### Collected data

★ ★ ★ ★ ★ ★ ★

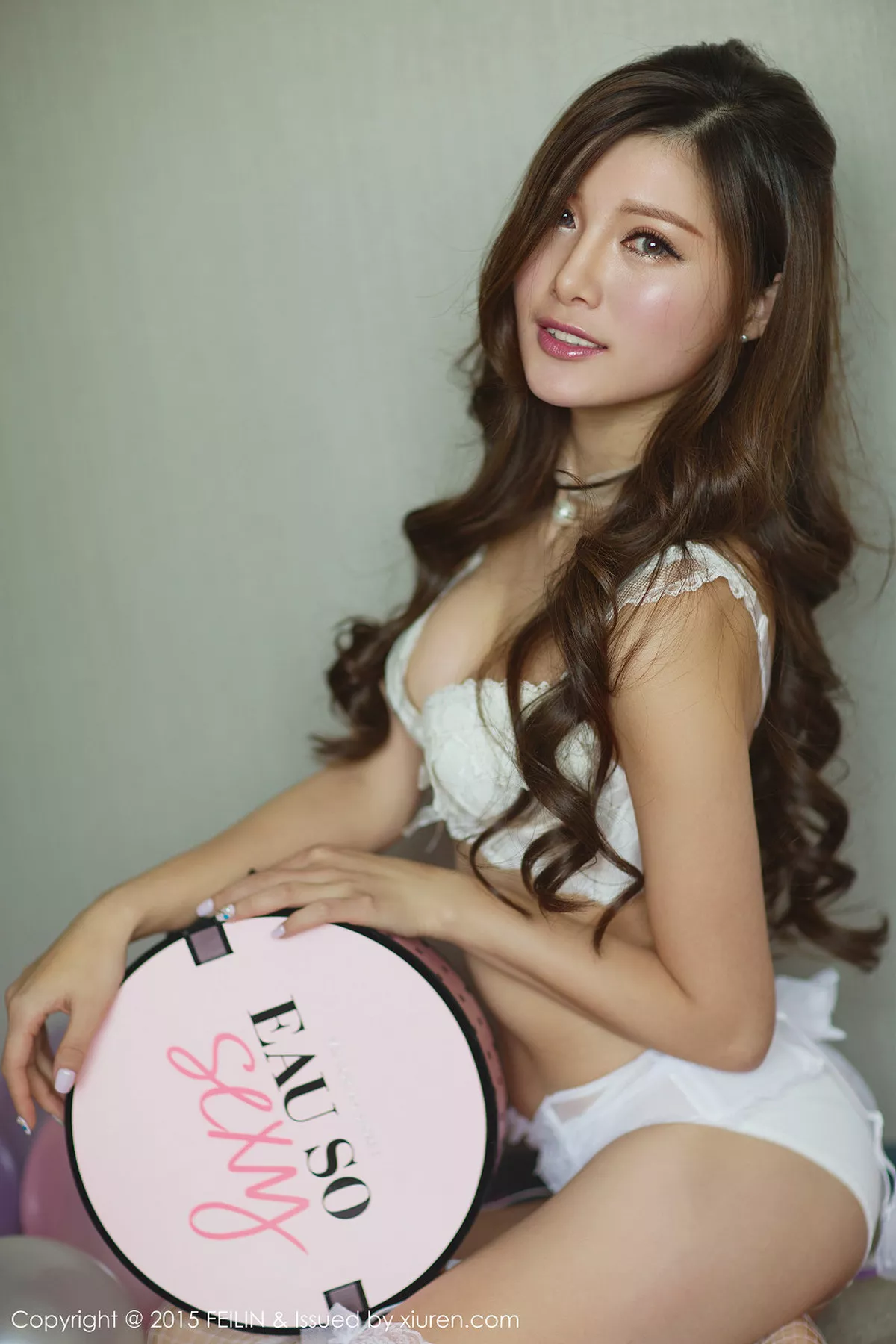 秀人集.com_[FeiLin嗲囡囡]Vol.001_嫩模奶茶-Emily白色内衣丰满美胸靓丽美颜写真50P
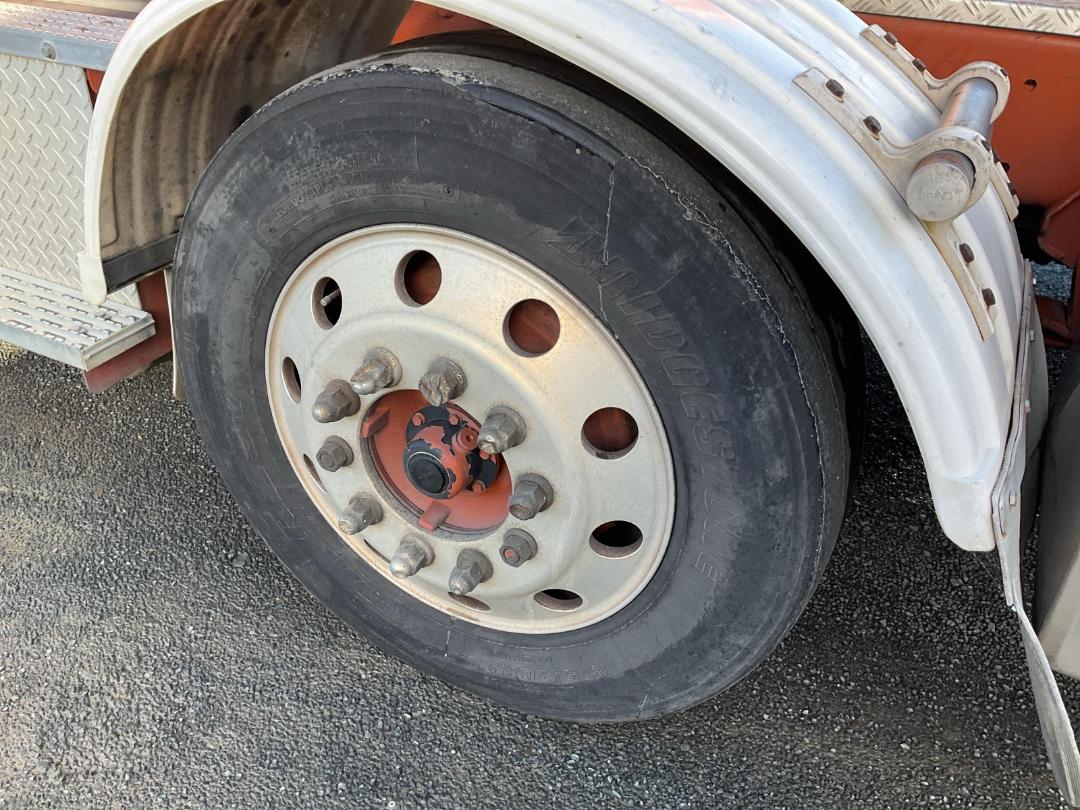 Photo '31' of International 7600 Tractor Unit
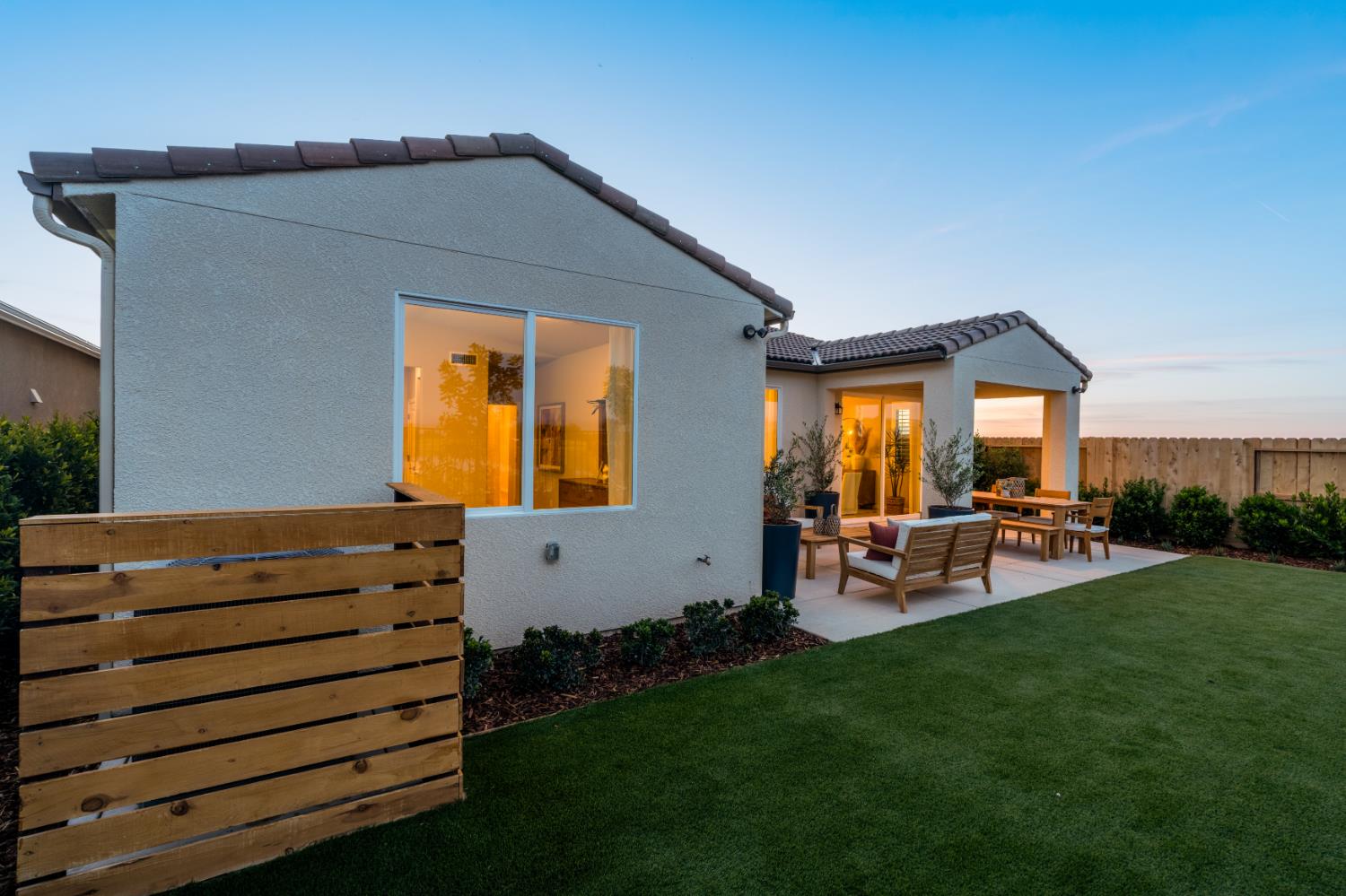 724 Solar Ln, Clovis, CA 93619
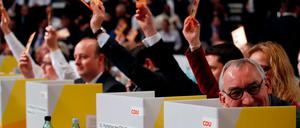CDU-Delegierte stimmen beim Parteitag ab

★ ★ ★ ★ ★ ★ ★

When repeating the material above, keep every line exact and drop all pictures.

### Completed exercise
 秀人集.com_[FeiLin嗲囡囡]Vol.001_嫩模奶茶-Emily白色内衣丰满美胸靓丽美颜写真50P
 Photo '31' of International 7600 Tractor Unit
 724 Solar Ln, Clovis, CA 93619
CDU-Delegierte stimmen beim Parteitag ab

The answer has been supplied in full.